Sasnal is one of Poland’s most prominent living artists. His works are included in collections at the Museum of Modern Art and Solomon R Guggenheim Museum in New York, the Tate Modern in London and Centre Pompidou in Paris, among others.
Sasnal also acknowledged that Poland is often unfairly judged — that sometimes those outside of Poland lose sight of the bigger picture.
Poland was occupied by German forces who killed millions of Polish citizens — some two million Christian Poles as well as three million Jews. Many Poles fought the Germans at home and abroad and the state never collaborated with Nazi Germany. Thousands of Poles have also been recognized by Yad Vashem for risking their own lives to save Jews.
Yet Sasnal believes that Poles must acknowledge the bad along with the good.
“Unless we accept such a complex past, we will be judged and we will be misjudged,” he said.
The exhibition comprises two decades of works that touch in some way on the Holocaust — works that Sasnal did while also dealing with other topics.
The oldest ones were inspired by cartoonist Art Spiegelman’s Holocaust cartoon stories in his Maus books. The newest ones were created this year especially for the exhibition.
There are paintings of former death camps, but they are always contextualized, with Sasnal’s bike or his wife looking from inside a car at the gates of Auschwitz — because to depict the death camps alone would be too banal and brutal, he said.
The Auschwitz paintings were produced after he and his wife passed by the memorial site on their way home from a New Year’s Eve party on Jan. 1. Millions travel to the site from around the world. But for many Poles — including Sasnal, who lives in nearby Krakow — the presence of genocide memorial sites are part of the landscape of daily life.
A painting of an imagined map of Poland bordering Israel recalls the long co-existence of Jews with Poles in Poland, a Jewish homeland for centuries.
A portrait of Hitler has been covered in black paint and crossed out with a wooden bar, an evil too extreme to depict figuratively.
Paintings that draw on images first created by French painter Edgar Degas, an antisemite, are reminders of the antisemitism pervasive across Europe that created fertile soil for the Holocaust.
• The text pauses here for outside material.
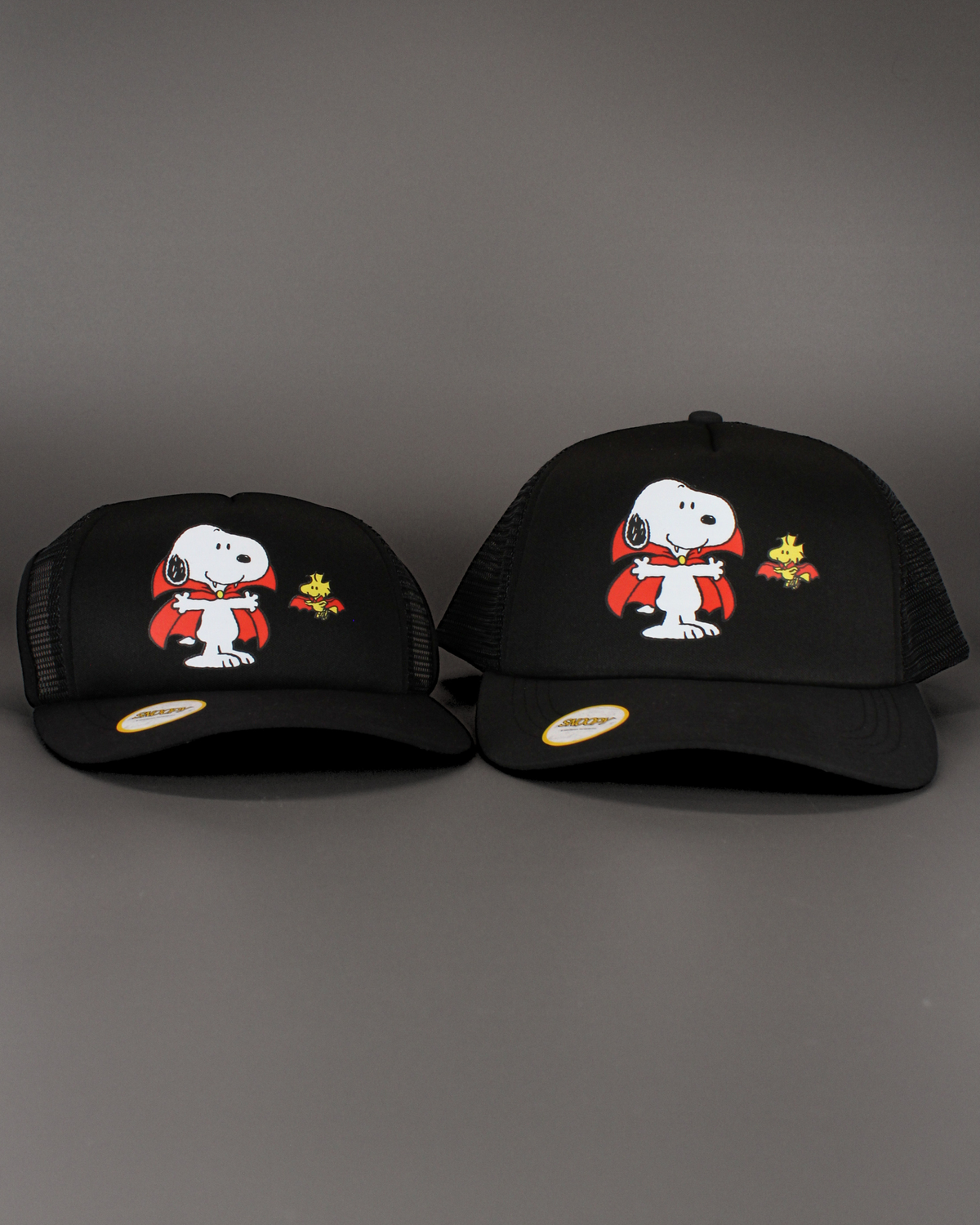 Peanuts halloween collection | matching human hat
One evokes a bathing women modeled on a Degas work superimposed with a swastika. Paintings of Gypsies or stereotypical images of Africans in the popular imagination show how other groups, along with Jews, have long been considered the “other” in society.
Ahead of the opening, the curator, Adam Szymczyk, braced for the possibility that this exhibition, too, might spark anger from nationalists and right-wingers.
But now that a right-wing party runs the country — and is a co-partner in the museum, which is a public-private partnership — he said he expected the reaction to be more muted.
He said both he and Sasnal were driven by a need to express remorse.
“I think this is our way of saying sorry on behalf of others,” he said. “The others don’t say ‘I’m sorry’ so we have to. It’s a duty.”